The girl, who turned 10 before having the abortion, confirmed that Fuentes attacked her. Fuentes also confessed to Columbus police detectives, and DNA testing of the aborted fetus confirmed Fuentes was the father, Franklin County prosecutors said.
They also noted they could not find any evidence that Fuentes was authorised to be in the country.
Fuentes, who is from Guatemala and was living in Columbus, had been held without bond since his arrest in July 2022. If he wins parole, he will likely be deported.
The case gained national attention after an Indiana physician, Caitlin Bernard, told the Indianapolis Star that a 10-year-old had travelled to her state in late June 2022 seeking abortion care.

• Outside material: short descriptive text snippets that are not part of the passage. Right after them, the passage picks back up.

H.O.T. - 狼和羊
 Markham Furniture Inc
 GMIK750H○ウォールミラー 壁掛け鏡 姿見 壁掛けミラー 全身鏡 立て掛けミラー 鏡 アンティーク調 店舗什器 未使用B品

After the Supreme Court’s decision to overturn Roe, Ohio implemented a “fetal heartbeat” ban that restricted abortions after about six weeks. Bernard told the newspaper that the patient had been six weeks and three days pregnant.

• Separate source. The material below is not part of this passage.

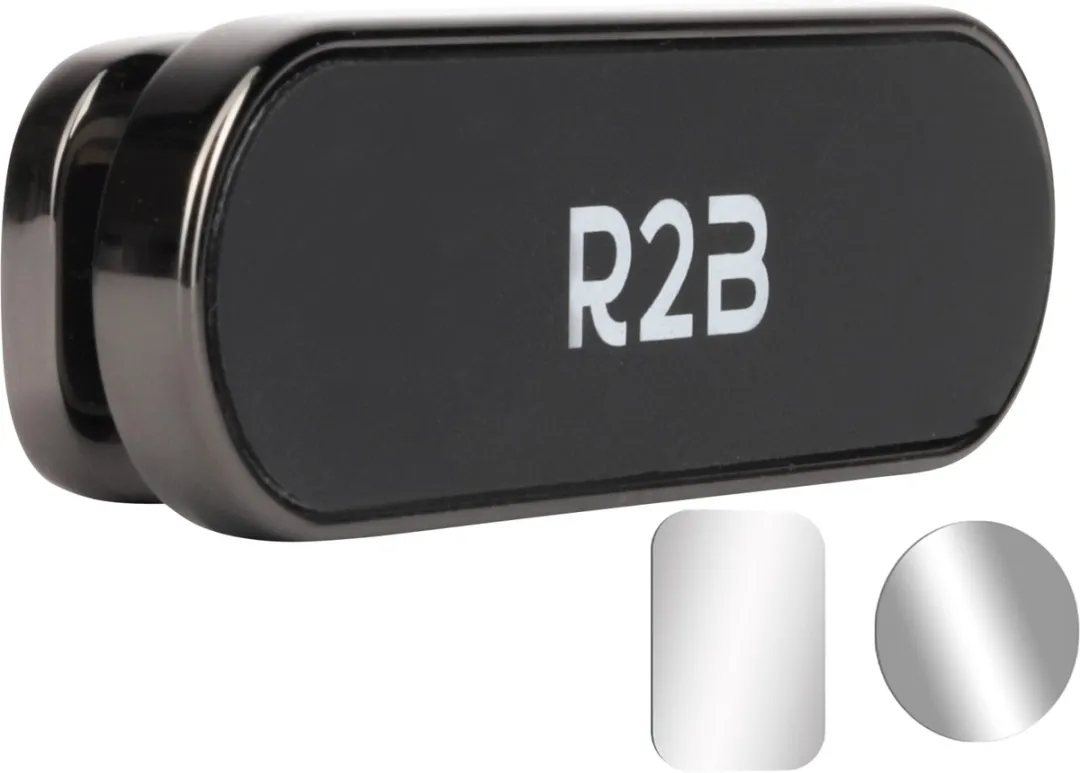 R2B Magnetische Telefoonhouder Auto 360°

The story was quickly picked up by advocates for abortion protections. President Joe Biden cited the case in a speech criticising the top court’s decision, prompting many Republicans to question whether the story was true.
“Ten years old — 10 years old! — raped, six weeks pregnant, already traumatised, was forced to travel to another state. Just imagine being that little girl,” Biden said at that time.
Fuentes’s arrest in Ohio a week later appeared to confirm the account.
In the year since Roe was revoked, approximately 25 states have banned the procedure including Indiana, though many of those laws are still being litigated.
Indiana’s state Medical Licensing Board voted in May to reprimand Bernard, finding that she violated patient privacy laws when she spoke to the newspaper, even though she did not directly reveal protected information like the child’s name or address.
The board, however, rejected accusations from Indiana’s Republican attorney general that Bernard violated state law by not reporting the child abuse to Indiana authorities. It also denied a request to suspend her medical licence.
Board members chose to fine Bernard $3,000 for the violations but issued no restrictions on her practice of medicine.